Can you believe there was a time when we weren't all just a bit tired of Alex Ross' painted artwork? Or when hardly anyone had heard of Kurt Busiek? Marvels made stars of both men, and deservedly so. A retelling of some of the most iconic moments from the 60s and 70s of Marvel Comics, through the cynical eyes of a photojournalist, Marvels managed to make events like the coming of Galactus and the death of Gwen Stacy come to life in a way that even Jack Kirby and Gil Kane could only dream. Like all classics, it's probably a bit overrated, but it holds up a damn site better than most modern classics, much like the source material that Busiek and Ross were studying.

1994 was also the year that saw Avengers West Coast shut down and replaced with the much more EXTREME Force Works. It featured some of the earliest Marvel US work by the 2000AD team of Dan Abnett and Andy Lanning, who would do much better on books to come. Mostly made up of disaffected ex-Avengers, Force Works handled cases too EXTREME for other super teams. I'd take the piss out of this more, but it doesn't really deserve it.

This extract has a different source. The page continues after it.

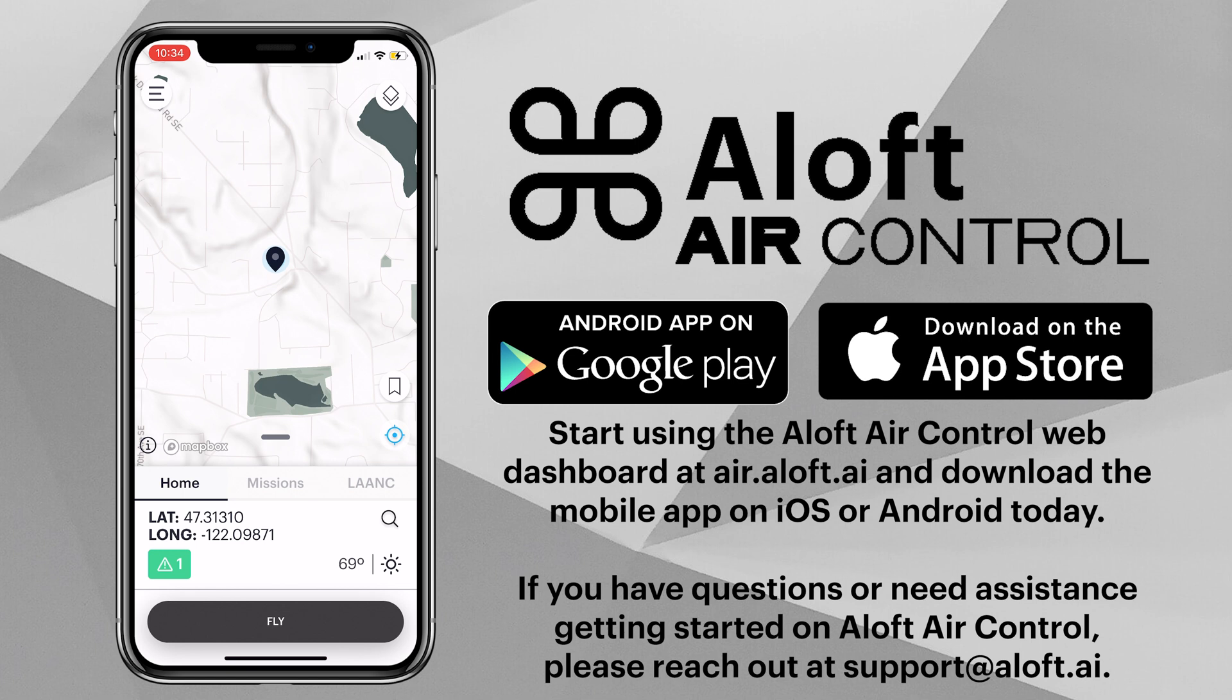If you have any questions, please reach out to us directly at support@aloft.ai and we will assist you in any way we can to help you through the process of using the Air Control platform. And as always, fly safe and fly often.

Not compared to the awful terribleness that was Fantastic Force, an attempt to create an FF franchise. This starred mysteriously grown-up Franklin Richards leading a team of heroes so obscure that they arrived without trace, and vanished the same way a year or so later. Interestingly, the team was brought together by the Black Panther, who somehow managed to wriggle out of membership. Good choice, T'challa.

Less terribly awful, at least at first, was Generation X, an attempt at the whole "mutant kids learning to adjust to their powers in a school environment" concept, that the New Mutants had tried a decade or so back. This saw the transformation of Emma Frost from White Queen of the Hellfire Club to the sarcastic schoolmistress we've all come to know and love.

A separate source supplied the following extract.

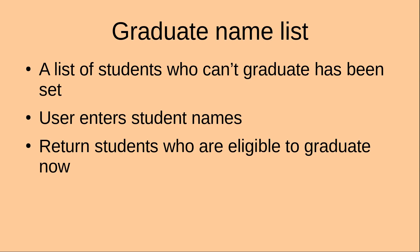Hello everyone, welcome to the Python tutorial. In this tutorial, I'm going to set up a list of students who can graduate.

Another new book, and one which whilst somewhat better regarded, would vanish without trace after barely a handful of issues, was Clan Destine, Alan Davis' follow-up to his Excalibur work. Quirky does not usually equate with longevity, and this was no exception.

Oh, and was there something else? I'm sure there was some other event. Oh, yes, of course. Spider-Man began to share book space with a young man calling himself Ben Reilly. Disaster lay ahead...

In the real world, or close to it, Kurt Cobain broke teenage grunge hearts all over the world, Ayrton Senna crashed into a wall at 135mph, and John Smith died, giving God's Gift To Labour a chance to rule Britain in a couple of years.